Urban Murder Rates, Tremendous Variations

Here are the murder rates for several US cities 2016 year to date (not annualized). There is much talk about Chicago murders but Baltimore has a murder rate nearly twice that of Chicago and it gets no media attention this year.

For comparison I have included two Canadian cities.

City
Population of central city, notmetropolitan area
Murders
Murder Rate per 100,000 Population

Population estimates are for 2016 from Wikipedia.
Number of murders is from city police reports or the media.

Baltimore
600,000
222
37.0

Chicago
2,700,000
536
19.9

New York City
8,600,000
242
2.8

Boston
700,000
26
3.7

And by comparison:

Toronto
2,600,000
50
1.9

Montréal
1,900,000
13
0.7

NYC has a rep for being dangerous and daring, but as you can see it’s pretty safe.
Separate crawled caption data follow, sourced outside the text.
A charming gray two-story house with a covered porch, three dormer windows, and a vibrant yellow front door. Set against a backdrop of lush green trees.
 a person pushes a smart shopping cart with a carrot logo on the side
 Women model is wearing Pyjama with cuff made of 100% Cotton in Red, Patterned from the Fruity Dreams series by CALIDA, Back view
Safer than Boston.

@DustyFeathers

20-30 years ago it was. Times have certainly changed.

One of the many reasons I’m happy to live in Canada.

There are a variety of reasons why the crime rates are what they are. NYC’s peak murder rate in the 1980’s was driven by the crack epidemic and the drug dealing that supplied it, a lot of the killings then were drug dealers killing each other (often killing innocent people in the crossfire), things like surge in gang activity because a gang infiltrates an area can do it. Concentration of poverty does it, much of Baltimore’s murder rate is in poor areas, a lot of it from what I read based on gang and drug activity. Easy access to guns has been tied to it, both Chicago and Baltimore get a flood of guns coming in from surrounding areas that have relatively lax gun laws that feeds the black market, NYC is surrounded by areas with tough gun ownership laws and that helps stop the flow of guns (what guns they do get in NYC in the black market tend to come from states with lax laws, but it requires a lot more to get the guns from there to NYC). At times, when NYC had a high murder rate, places now that have high rates were relatively low. There are places not on this list that claim to be low crime, but if you look at the actual crime statistics on a per 100,000 basis, would be up there with the leaders.
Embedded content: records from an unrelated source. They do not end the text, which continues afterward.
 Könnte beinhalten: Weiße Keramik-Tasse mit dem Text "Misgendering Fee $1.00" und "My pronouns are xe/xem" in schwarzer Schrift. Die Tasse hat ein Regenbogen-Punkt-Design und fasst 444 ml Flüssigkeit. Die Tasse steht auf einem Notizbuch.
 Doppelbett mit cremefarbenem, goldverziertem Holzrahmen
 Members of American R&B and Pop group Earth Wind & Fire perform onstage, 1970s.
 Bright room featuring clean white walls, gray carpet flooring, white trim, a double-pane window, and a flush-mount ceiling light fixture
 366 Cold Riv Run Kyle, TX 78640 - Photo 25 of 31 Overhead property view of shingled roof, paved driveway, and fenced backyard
I found cites for 2015 that say the murder rate for Indianapolis is 16/100,000. Getting worse too. Now why do I feel safe in most of Indy and not safe in NYC? Probably based on previous history and news reports.

I know I don’t like being in NYC because there are too many people with a very limited number of exits out of Manhattan. Didn’t realize Baltimore was that high, but I’m close enough to south Chicago that those murders permeate more of the news coverage. I’ll just stay in my happy place in the middle of corn :slight_smile:

Well . . . I think when NYC is portrayed on TV it retains its mythical gritty quality. When the Law and Order group of shows were more pervasive, you’d see like 3 bodies a night on TV. It can make the City look more dangerous than it is. That’s why children as young as 5th and 6th grade go to school by themselves on public transportation.
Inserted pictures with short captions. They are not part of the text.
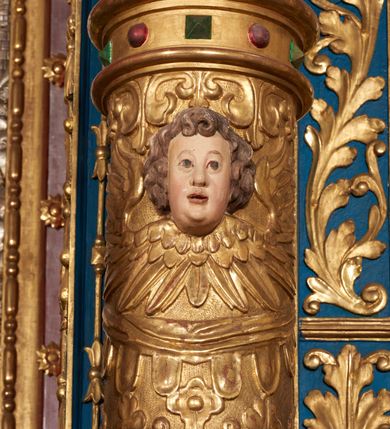 Zdjęcie nr 62: Ołtarz architektoniczny, trójosiowy, dwukondygnacyjny ze zwieńczeniem. Mensa prostopadłościenna, kamienna z drewnianym antepedium w formie leżącego prostokąta z postacią św. Augustyna ujętego wicią suchego akantu z przeplecioną, karbowaną wstążką i bukietami kwiatów. Przedstawienie otoczone profilowaną, ażurową ramą wypełnioną podobną wicią z akantu i kwiatów. Na mensie prostopadłościenne tabernakulum w formie kapliczki. Ściana frontowa z drzwiczkami w kształcie stojącego prostokąta dekorowanego krzyżem łacińskim ujętym wicią roślinną, zwieńczona trójkątnym przyczółkiem. Ścianka ujęta lizenami wypełnionymi wicią akantową podtrzymującymi pełne belkowanie obiegające bryłę, z mocno wysuniętym gzymsem wyłamanym w narożach. Całość zwieńczona czterospadowym dachem dekorowanym łuską. Na dachu baranek Boży leżący na księdze z siedmioma pieczęciami, przytrzymujący chorągiew, ukazany na tle chrystogramu otoczonego glorią promienistą. 
Nastawa na dwudzielnym cokole z półkolistymi bramkami ze zwieńczeniem utworzonym z ornamentu okuciowego ujmującego owalne pola. Osie pierwszej kondygnacji wydzielone kolumnami stojącymi na konsolach dekorowanych z frontu uskrzydlonymi główkami anielskimi powyżej liści akantu, na krawędziach cekinami, a po bokach wicią. Kolumny zostały przedzielone opaską w jednej trzeciej wysokości, dekorowane na całej wysokości wicią roślinną, główkami anielskimi w dolnej partii i imitacją kameryzacji na opaskach oraz w dwóch trzecich wysokości. Kolumny są ustawione na tle pilastrów dekorowanych wicią roślinną i zawieszonymi na niej chustkami. W polu centralnym kondygnacji jest nisza w kształcie stojącego prostokąta zamkniętego łukiem pełnym z postacią ukrzyżowanego Chrystusa na tle widoku Jerozolimy. W osiach bocznych mniejsze, ujęte pilastrami nisze o podobnym kształcie, których konchy wypełnione są muszlą, zwieńczone trójkątnym przyczółkiem przerwanym na cokół. W nich, na dekorowanych wicią i rozetami konsolach ustawiono figury: po lewej stronie św. Piotra, a po prawej św. Pawła. Kondygnacje ujmują ażurowe uszaki utworzone z ornamentu okuciowego, ulistnionych wolut i przewieszonej chustki. Kolumny podtrzymują pełne belkowanie wyniesione w łuk nad polem centralnym. Podłucze dekorowane rozetami, fryz głowami anielskimi i wicią, gzyms m.in. kostkowaniem i liśćmi akantu. Całość spięta kluczem z kartuszem z herbem kanoników regularnych od pokuty (marków). Na wyniesieniu belkowania posadowiono postaci aniołów trzymających narzędzia męki: anioł po lewej włócznię, a anioł po prawej gąbkę. Górna kondygnacja oparta została na schemacie aediculi – prostokątne pole ujęto kolumnami podtrzymującymi pełne belkowanie i trójkątny przyczółek przerwany na środku na cokół, na którym ustawiono rzeźbę  pelikana karmiącego młode własną krwią. Na krawędziach przyczółka dwie leżące postaci. Kondygnacja flankowana postaciami czterech ewangelistów ustawionymi na cokołach. Po lewej stronie św. Marek i św. Jan, po prawej św. Mateusz i św. Łukasz. Struktura polichromowana na kolor ciemnoniebieski; kolumny, profile, detale i ornamenty złocone i srebrzone.
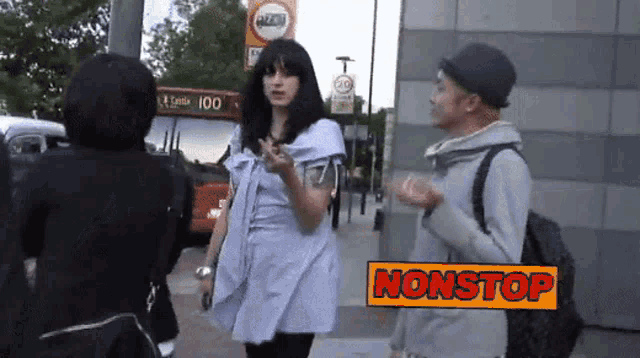 a man and a woman are standing on a sidewalk with a sign that says nonstop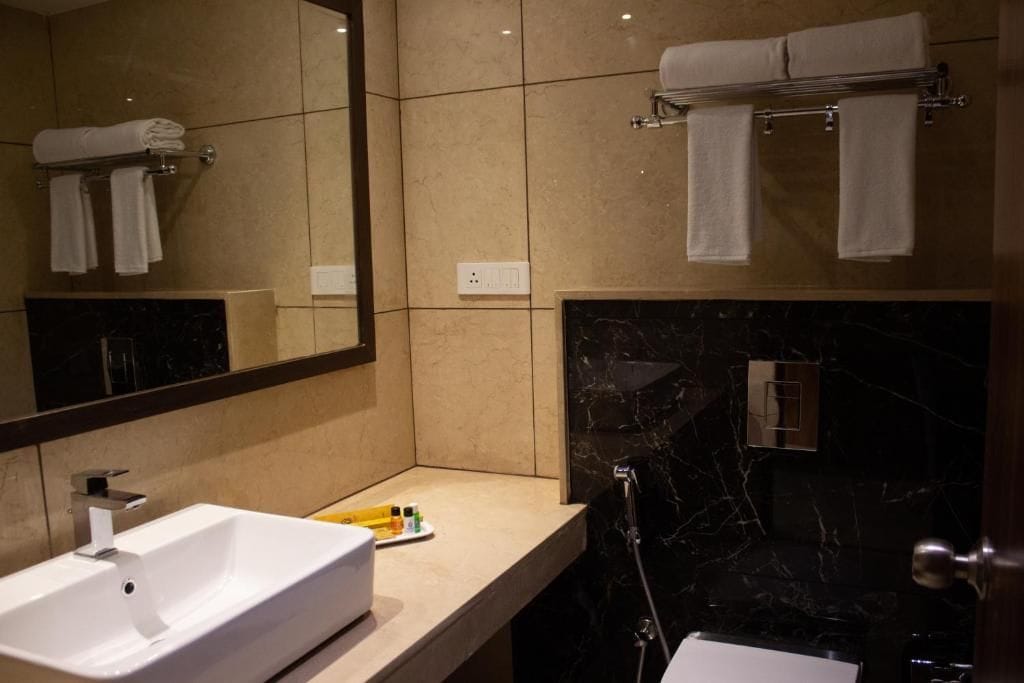 A modern bathroom with a white sink, a mirror, and a black marble shower area.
Don’t want this to turn political - but aren’t there fewer guns in Canada which would help account for the difference? Also, Chicago has refused to comply with the national standard for reporting crimes so their official FBI rates are not in line with the rest of the country (homicide numbers are clean - they don’t follow the definition for other violent crimes used by the rest of the US).

I worked in DC when the murder rate was the highest in the country. I stuck to “safer” areas of town ( I worked in Georgetown) and did not engage in the drug trade, gangs, etc. which considerably lowered my odds of being murdered. Not saying everyone who is a murder victim brings it on him/her self. Just saying that the murder rate is not everything.

There are fewer guns per capita in every country in the world than there are in the U.S. And by a long shot!

Canadians are too polite to murder.

Here is a recent BBC video about Chicago’s violence.

https://www.youtube.com/watch?v=tbKp8OV6F64

I am still amazed at the per capita difference when you compare Chicago/Baltimore with Boston/NYC.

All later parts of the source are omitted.